RadarSim

Simulating Single-Chip Radar via Multimodal Neural Fields

Chuhan Chen1, Tianshu Huang12, Akarsh Prabhakara3, Zhongxiao Cong1 Anthony Rowe12 Matthew O'Toole1 Deva Ramanan1

1Carnegie Mellon University, 2Bosch Research, 3University of Wisconsin-Madison

Paper Code (coming soon) Data (coming soon)

Abstract

Radars are an ideal complement to cameras: both are inexpensive, solid-state sensors, with cameras offering fine angular resolution, while radars provide metric depth and robustness under adverse weather. However, radar data is more difficult to interpret than camera images and varies significantly between sensors, necessitating increased reliance on simulation for prototyping sensors and processing pipelines. Recent work treating radar reconstruction as a novel view synthesis problem has shown great promise in reconstructing radar-relevant geometry and simulating low-level radar data. However, such methods are constrained by the low spatial resolution of the underlying radar. To address this, we propose a unified differentiable renderer, RadarSim, which leverages the high angular resolution of RGB cameras to generate Doppler radar range images from a camera-initialized neural field. Using a novel data set of calibrated radar camera recordings from a custom hand-held rig, we demonstrate that~\approach\ produces sharper geometry and Doppler range frames than radar-only reconstructions.

Model Architecture

Notice camera and radar capture the same underlying geometry.
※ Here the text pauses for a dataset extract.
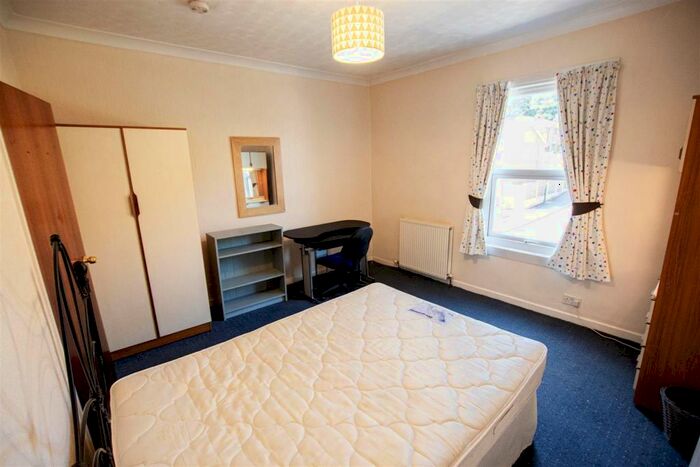 4 Bedroom House To Rent In Heeley Road, Birmingham, B29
However, because of the different wavelengths these two modalities sense, we learn two different neural fields that represent each modality and draw connection between their geometrical components. Specifically, we first train a RGB-only neural field. Then we initialize the radar field with the geometry from the RGB field and learn to predict radar reflectance by distilling from real radar data. This allows us to leverage the high angular resolution of RGB cameras to reconstruct sharper geometry, while still capturing radar-specific geometry and reflectance accurately.

RadarSim arch

Notice radar exhibits strong view-dependence behavior (left) - as radar points away from the surface, the reflectance captured immediately drops. We represent this behavior using a "BRDF embedding"(right) that encodes deviation of radar transmission direction from the surface normal, and feed the encoded value into a reflectance MLP along with geometry encoding to predict the final radar reflectance.

RadarSim arch

Qualitative Results

We show off our multi-modal pipeline is able to reconstruct high quality geometry while preserves radar reflectance accurately than radar-only baselines (DART and Radarfields), capturing sharp view-dependence behavior and high retro-reflectance at insets like bottom of cars, corners etc. We also show our capability to upsample number of antenae to simulate an expensive high resolution radar array.